→ Task requirements
Below are the records; repeat exactly their lines between the line holding "набор ключей фото: Зимние" and the line holding "Aritzia TNA perfect", inclusive, skipping the pictures.

(Data for review Opens)

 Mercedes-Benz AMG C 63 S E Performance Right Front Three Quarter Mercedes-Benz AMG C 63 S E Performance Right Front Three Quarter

(Data for review Closes)
(Data for review Opens)

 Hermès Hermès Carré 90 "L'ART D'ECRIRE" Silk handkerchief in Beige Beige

(Data for review Closes)
(Data for review Opens)

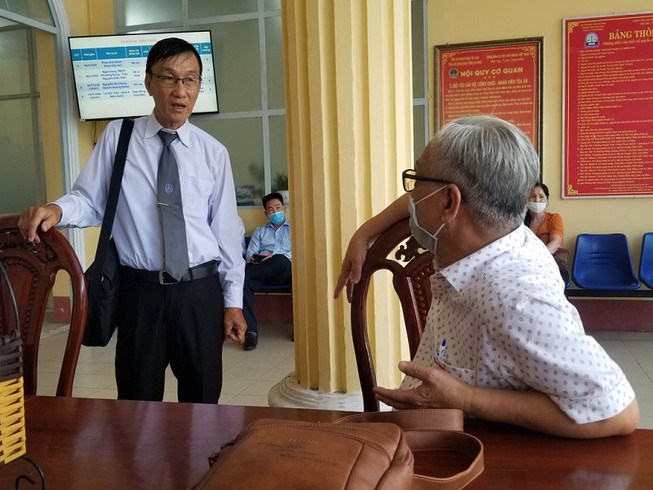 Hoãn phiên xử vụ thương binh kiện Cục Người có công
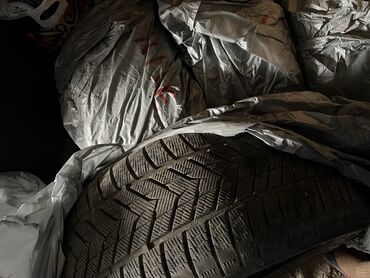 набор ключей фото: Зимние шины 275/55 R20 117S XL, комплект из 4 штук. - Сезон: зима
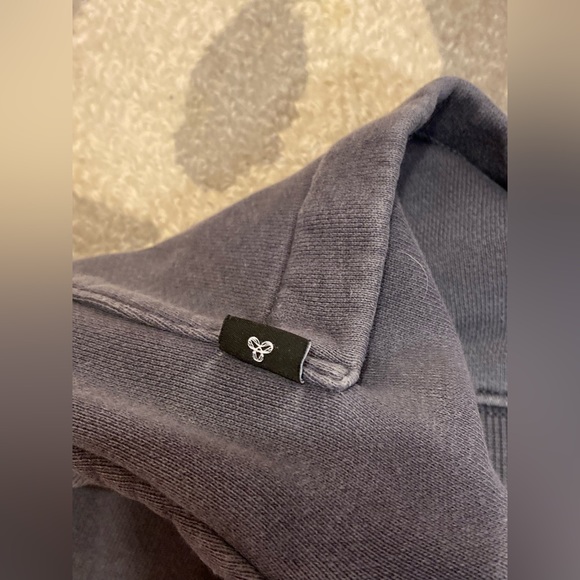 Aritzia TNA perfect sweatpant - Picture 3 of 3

(Data for review Closes)

→ Answer for the task
 набор ключей фото: Зимние шины 275/55 R20 117S XL, комплект из 4 штук. - Сезон: зима
 Aritzia TNA perfect sweatpant - Picture 3 of 3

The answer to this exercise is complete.